The message was powerful: “We teach, we vote,” they chanted, over and over, at Wednesday’s #AllOutMay1 teachers rally at the Statehouse.
Inside the building, a lobbyist was talking about how teachers actually vote less than other professionals. I nodded in agreement, because it’s something teachers themselves have complained about for years.
Turns out, there’s not good evidence to back that up. There was some sort of survey that showed teachers don’t vote much in South Carolina, but it was too long ago to tell us anything today. National data are also tough to come by.
Still, it’s true that teachers could make a huge difference in statewide elections if more of them voted — just like practically any group could.
As a nation and as a state, we don’t vote. Occasionally three-quarters of S.C. registered voters cast ballots in presidential elections, but usually it’s lower; in non-presidential years, it’s only half, or fewer. And that’s of the people who are registered; about 15 percent of adult citizens in our state aren’t.
So hurrah for the teachers (and everyone else) who do vote. And yes, more of them (and all of us) need to vote.
But if teachers want to change what happens inside the Statehouse, simply voting won’t be enough. Threatening to vote out legislators who don’t do what they ask won’t accomplish much either.
The problem is the way legislators have manipulated the election process so that they pick their constituents, rather than the other way around. This is a fact that so many of us fail to understand and respond in the best way to get results.
It’s not accurate to say that Democrats support public education and Republicans don’t. What’s true is that nearly all Democratic legislators support spending more on public education, for higher teacher pay and smaller class sizes and more mental-health counselors and nurses and after-school programs and summer programs and more resources in the poorest schools. Some Republican legislators support that as well; some don’t.
What’s true also is that nearly all Democrats oppose paying parents to abandon the public schools, and a sizable chunk of Republicans support that. Republicans also are more supportive than Democrats of charter schools and privatization efforts that many educators find appalling. This general pattern repeats with pretty much everything that SC for Ed and the more traditional teacher groups like and dislike.
But there also are a lot of Republican legislators who are committed to improving our schools — in many cases in the ways that teachers and Democrats want, in some cases in ways that are just as important.
There also are a lot of Republicans. They control the Legislature. Overwhelmingly. And that’s not going to change in the foreseeable future.

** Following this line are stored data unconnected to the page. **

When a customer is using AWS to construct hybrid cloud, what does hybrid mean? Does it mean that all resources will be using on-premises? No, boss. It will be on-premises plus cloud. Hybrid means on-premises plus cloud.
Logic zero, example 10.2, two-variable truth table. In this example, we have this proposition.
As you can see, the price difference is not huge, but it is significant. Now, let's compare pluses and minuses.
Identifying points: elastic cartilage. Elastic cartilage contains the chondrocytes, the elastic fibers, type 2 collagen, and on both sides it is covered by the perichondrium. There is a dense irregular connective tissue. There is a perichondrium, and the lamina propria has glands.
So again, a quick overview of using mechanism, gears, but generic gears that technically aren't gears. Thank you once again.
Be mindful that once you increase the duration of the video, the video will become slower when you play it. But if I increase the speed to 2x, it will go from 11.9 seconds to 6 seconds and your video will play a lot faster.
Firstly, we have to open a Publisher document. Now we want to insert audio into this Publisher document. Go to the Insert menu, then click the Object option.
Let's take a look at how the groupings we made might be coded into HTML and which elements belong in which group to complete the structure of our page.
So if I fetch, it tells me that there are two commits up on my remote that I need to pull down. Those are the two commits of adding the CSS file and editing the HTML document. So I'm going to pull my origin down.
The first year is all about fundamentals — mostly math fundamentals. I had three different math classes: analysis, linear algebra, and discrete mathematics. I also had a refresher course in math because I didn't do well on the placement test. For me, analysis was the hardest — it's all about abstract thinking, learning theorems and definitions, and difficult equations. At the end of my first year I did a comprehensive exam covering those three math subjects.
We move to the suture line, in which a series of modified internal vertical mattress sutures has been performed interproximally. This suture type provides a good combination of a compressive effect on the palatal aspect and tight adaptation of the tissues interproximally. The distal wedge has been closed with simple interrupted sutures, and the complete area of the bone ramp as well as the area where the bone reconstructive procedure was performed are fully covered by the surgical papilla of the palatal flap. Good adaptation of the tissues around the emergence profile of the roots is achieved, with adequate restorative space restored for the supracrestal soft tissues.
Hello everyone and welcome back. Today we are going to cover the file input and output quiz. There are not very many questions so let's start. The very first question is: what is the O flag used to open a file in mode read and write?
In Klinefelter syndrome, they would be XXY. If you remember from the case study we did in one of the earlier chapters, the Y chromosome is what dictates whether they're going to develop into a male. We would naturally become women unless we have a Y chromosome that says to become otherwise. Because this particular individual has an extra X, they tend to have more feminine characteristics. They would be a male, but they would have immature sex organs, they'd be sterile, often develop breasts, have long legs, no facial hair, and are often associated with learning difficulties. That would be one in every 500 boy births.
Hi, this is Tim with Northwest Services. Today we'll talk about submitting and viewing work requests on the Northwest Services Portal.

That’s partially because South Carolina is a solid Republican state. But legislative districts are drawn to magnify the Republican advantage, by making most districts overwhelmingly Republican and most of the others overwhelmingly Democratic, which in turn helps Democrats in those districts. This means that the important election — for both Republicans and Democrats — doesn’t occur in November. It occurs in the primary. Where even fewer of us vote — usually 20 percent or fewer.
So anyone who wants to change our Legislature has to vote in Republican primaries to replace the Republicans they don’t like with Republicans they do like. And that’s going to be extraordinarily difficult in the districts represented by the most anti-public-education legislators, because those legislators generally reflect the opinions of the voters in their districts.
Even if anti-education Republicans are replaced — and they need to be, along with any anti-education Democrats — the fact remains that anyone who wants to accomplish anything in the Legislature has to convince Republicans.
Unfortunately, Wednesday’s rally did not feel like it was designed to do that. Just the opposite.
Set aside the whole union feel that’s a particularly big turnoff to Republicans, and consider this: Among the speakers were three legislators and one former legislator. All four were Democrats.
House Speaker Jay Lucas, House Education Chair Rita Allison and Senate Education Chairman Greg Hembree say they were not invited.
Maybe other Republicans were invited and declined — although those are the big three on education. Regardless, anyone hoping to influence our overwhelmingly Republican Legislature would have made sure there were Republican legislators on the speakers list, or else they would have taken the Democrats off.
And going forward, they would concentrate on persuading more Republicans to support their agenda.